The polite, low-key visit of Prime Minister Theresa May of Britain to President Donald Trump has generated relatively little media attention. That is unfortunate, because our alliance remains vital.
'Someone to talk to' is how McGeorge Bundy, President John F. Kennedy's national security adviser, summed up the partnership with Britain. In those years, Prime Minister Harold Macmillan provided unfailing policy support, encouragement and friendship to the young American president.
Otherwise, JFK faced serious conflicts with our allies in Europe, in particular President Charles de Gaulle of France. Premier Nikita Khrushchev of the Soviet Union provoked almost nonstop confrontations, especially over Berlin as well as Cuba.
Two years ago, Britain's Prime Minister David Cameron visited President Barack Obama. Their session before Washington media underscored our cooperation. They emphasized the importance of tough nuclear negotiations with Iran.
Hard international realities were faced head-on. There was honest effort to explain the high stakes involved, and also the great difficulty of negotiating a viable durable agreement with Tehran.
Cameron worked contacting members of the Senate to argue against more sanctions on Iran. The absence of any meaningful backlash reflects the unusually close nature of this alliance.
The 'special relationship' between Britain and the U.S., forged during the terrible first years of World War II, has endured down to the present despite sometimes severe strains. The evolution of the durable Anglo-American partnership highlights important events of that global total war, and the Cold War and post-Cold War era which have followed. These include fundamental commitment to the rule of law, free trade and democratic institutions.
David Cameron's predecessor Tony Blair paid a high political price for his faithful support of the administration of George W. Bush in the invasion of Iraq. Blair survived politically, and led his Labour Party to another election victory, but ultimately was rejected. More important, the Anglo-American military alliance, and the durable wider NATO structure, was at no point seriously threatened.

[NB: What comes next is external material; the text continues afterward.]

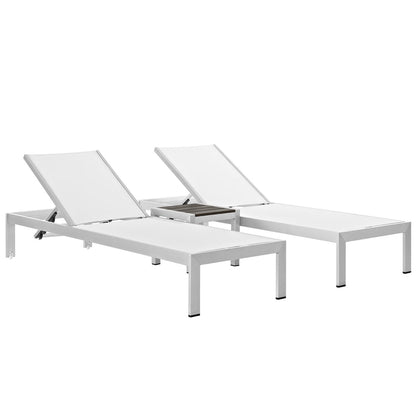 Modway - Shore 3 Piece Outdoor Patio Aluminum Set by Modway  Outdoor Furniture Sofa Sectionals White - EEI-2471-SLV-WHI-SET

During the mid-1960s, the Johnson administration pressed extremely hard for at least token direct military participation in the Vietnam War. Australia and New Zealand, both members of the British Commonwealth, did provide forces. In the case of Australia, there was considerably more than a token commitment.
Britain remained out of that war, for good reasons. In hindsight, this lack of support by a close ally was a clear indication of the questionable nature of the American military adventure.
From the other direction, the most serious Anglo-American and wider Atlantic alliance crisis was over the Suez Canal in 1956. Britain, France and Israel launched a coordinated surprise military attack to retake the waterway and associated territory from Egypt's nationalist government.
President Dwight Eisenhower was completely opposed as well as offended by lack of consultation. His administration forced an abrupt halt to the operation. No crisis since has so seriously threatened the alliance.
Economics strengthens alliance cooperation. Prime Minister Margaret Thatcher's deregulation of the economy in the 1980s pays powerful dividends today. Canary Wharf, formerly grim docks and working-class housing blocks in eastern London, has been transformed into a mammoth global commercial center. Modern skyscrapers dominate the horizon, complemented by retail outlets. Mrs. Thatcher's heavy-handed style earned her the sobriquet of 'The Iron Lady,' but forceful reforms were crucial to contemporary British prosperity and strength.
Bundy's point at heart refers to our shared core values, which in turn facilitate policy cooperation. World War II cemented this partnership. Our collaboration continues.